» EXERCISE DETAILS
Make a verbatim copy of the entries below; pictures stay out.

» SOURCE MATERIAL
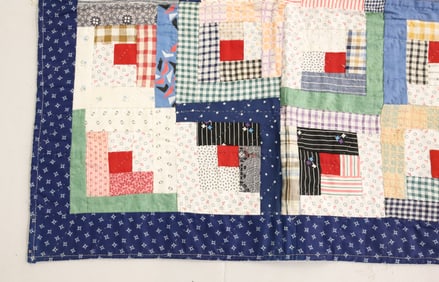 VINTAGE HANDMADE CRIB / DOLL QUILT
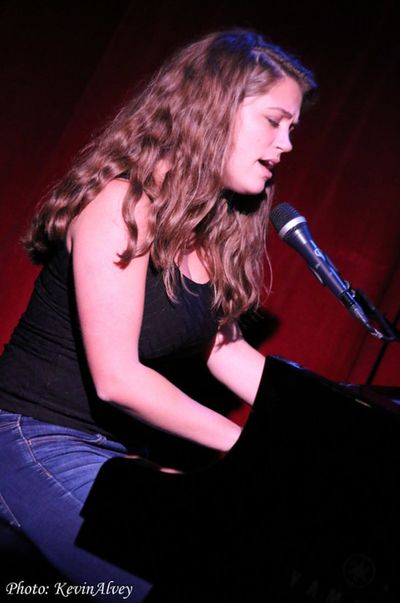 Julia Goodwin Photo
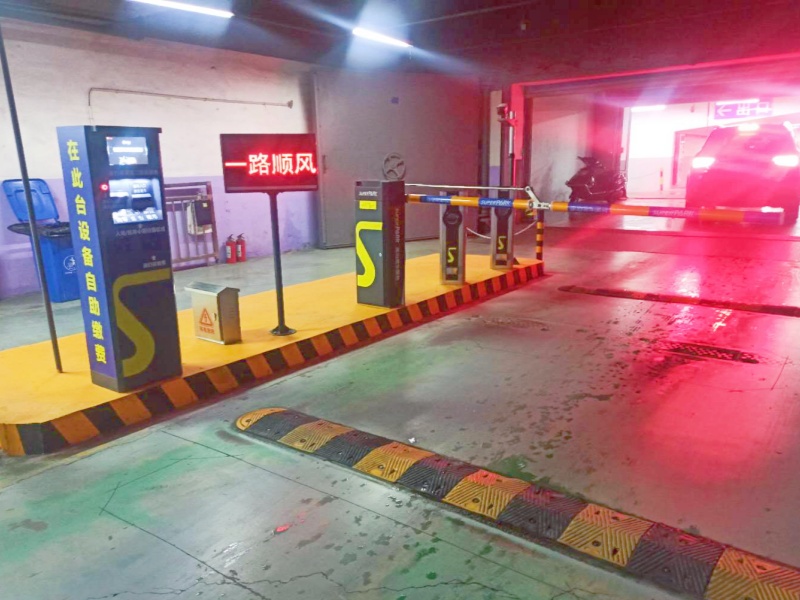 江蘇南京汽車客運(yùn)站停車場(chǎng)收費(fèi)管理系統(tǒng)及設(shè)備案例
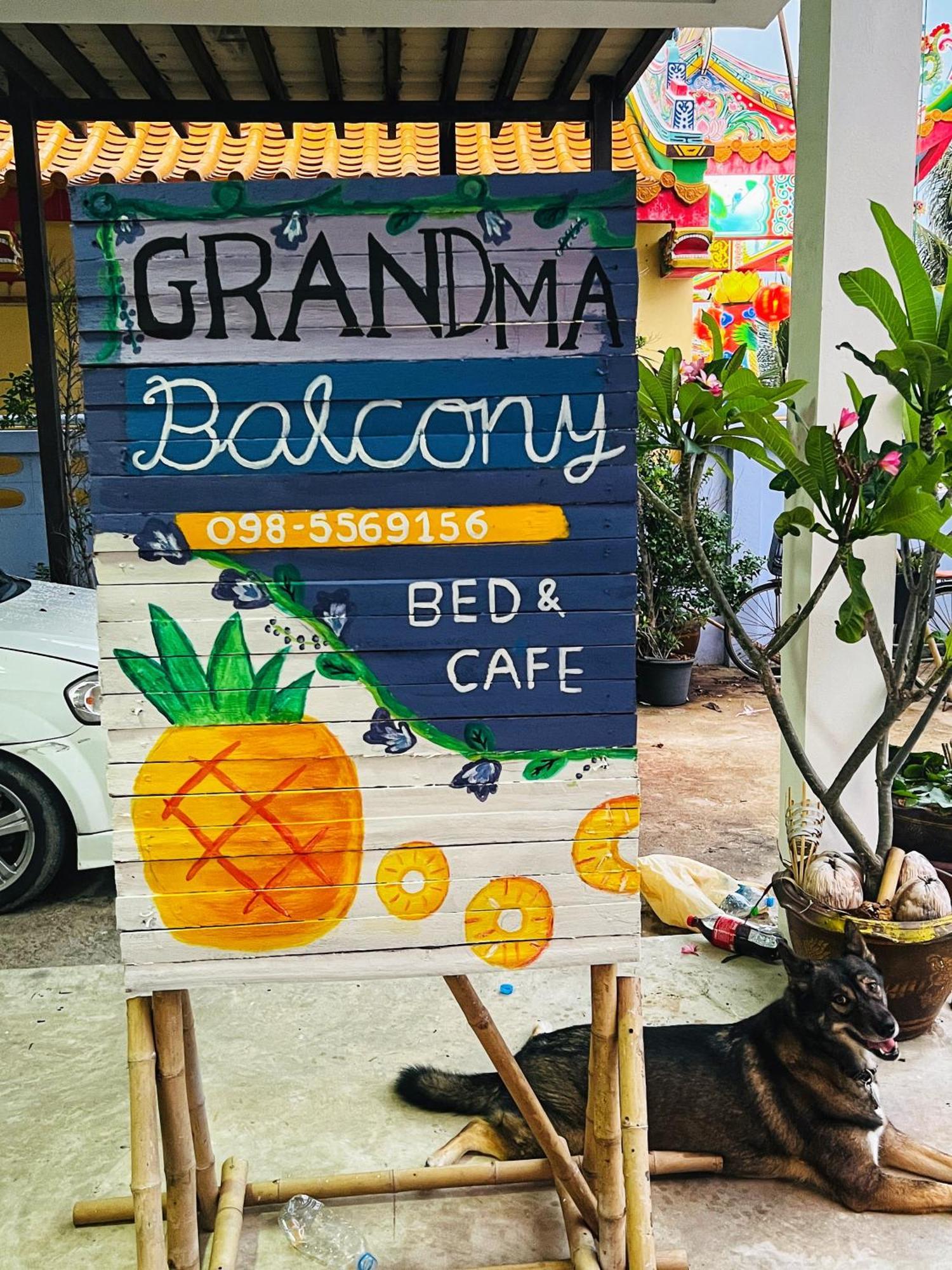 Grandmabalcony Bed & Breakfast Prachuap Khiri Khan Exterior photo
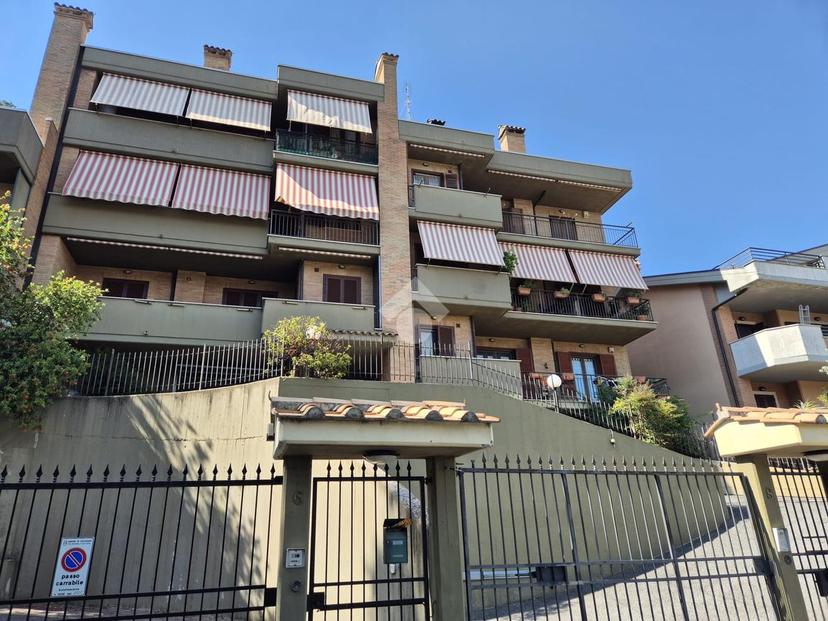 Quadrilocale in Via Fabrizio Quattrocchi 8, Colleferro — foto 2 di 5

» RESPONSE TO THIS TASK
 VINTAGE HANDMADE CRIB / DOLL QUILT
 Julia Goodwin Photo
 江蘇南京汽車客運(yùn)站停車場(chǎng)收費(fèi)管理系統(tǒng)及設(shè)備案例
 Grandmabalcony Bed & Breakfast Prachuap Khiri Khan Exterior photo
 Quadrilocale in Via Fabrizio Quattrocchi 8, Colleferro — foto 2 di 5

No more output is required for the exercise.